> TASK INSTRUCTIONS
Pictures are not part of the copy; reproduce the remaining data exactly.

> DATA TO PROCESS
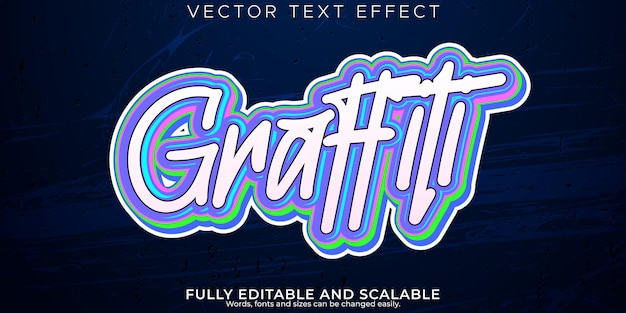 Vecteur gratuit effet de texte graffiti spray modifiable et style de texte de rue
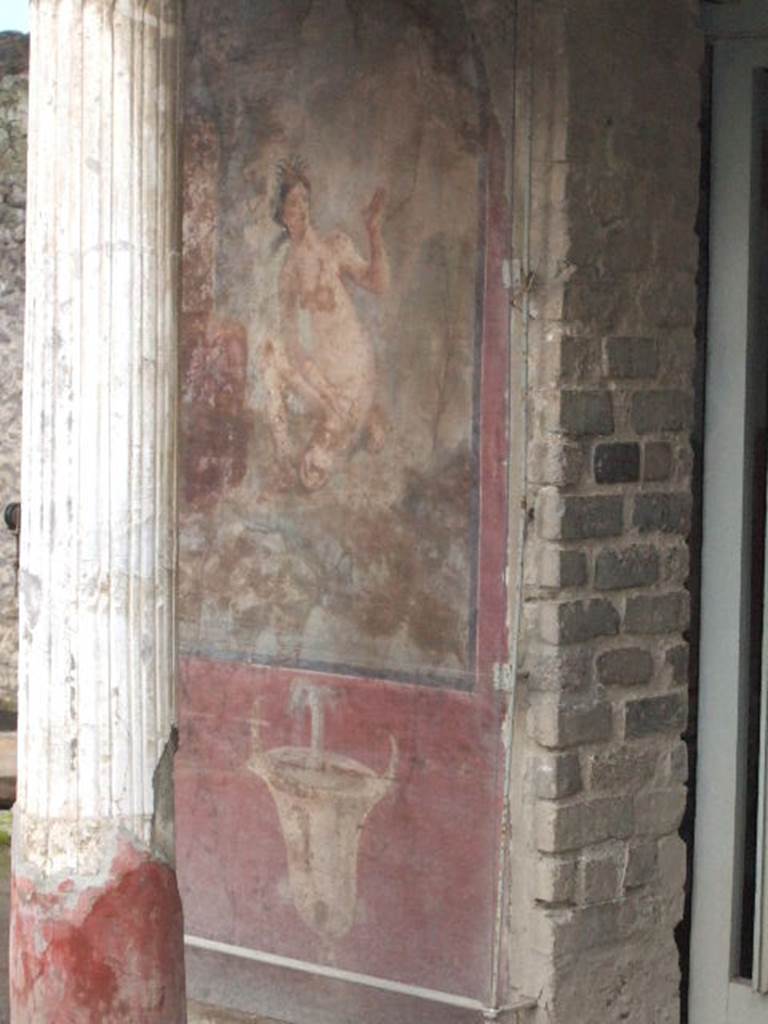II.2.2 Pompeii. December 2005. Room "i". West end of upper euripus.
Painting of Actaeon discovering Diana bathing.
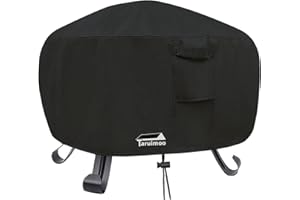 Taruimoo Fire Pit Cover Round for Fire Pit 22- 48 Inch,Outdoor Full Coverage Patio Round Firepit Cover with Built-in Vents ,Waterproof Dustproof Anti UV and Tear Resistant (44" D x 24" H)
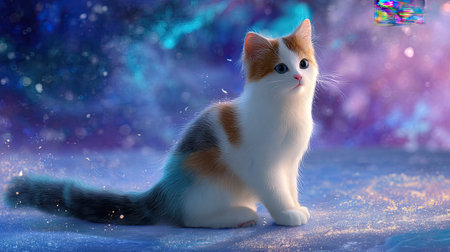 A charming kitten poses gracefully in a dreamy, enchanted forest, surrounded by shimmering lights and a magical atmosphere, capturing pure innocence and joy.の素材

> ANSWER TO THE PROBLEM
 Vecteur gratuit effet de texte graffiti spray modifiable et style de texte de rue
II.2.2 Pompeii. December 2005. Room "i". West end of upper euripus.
Painting of Actaeon discovering Diana bathing.
 Taruimoo Fire Pit Cover Round for Fire Pit 22- 48 Inch,Outdoor Full Coverage Patio Round Firepit Cover with Built-in Vents ,Waterproof Dustproof Anti UV and Tear Resistant (44" D x 24" H)
 A charming kitten poses gracefully in a dreamy, enchanted forest, surrounded by shimmering lights and a magical atmosphere, capturing pure innocence and joy.の素材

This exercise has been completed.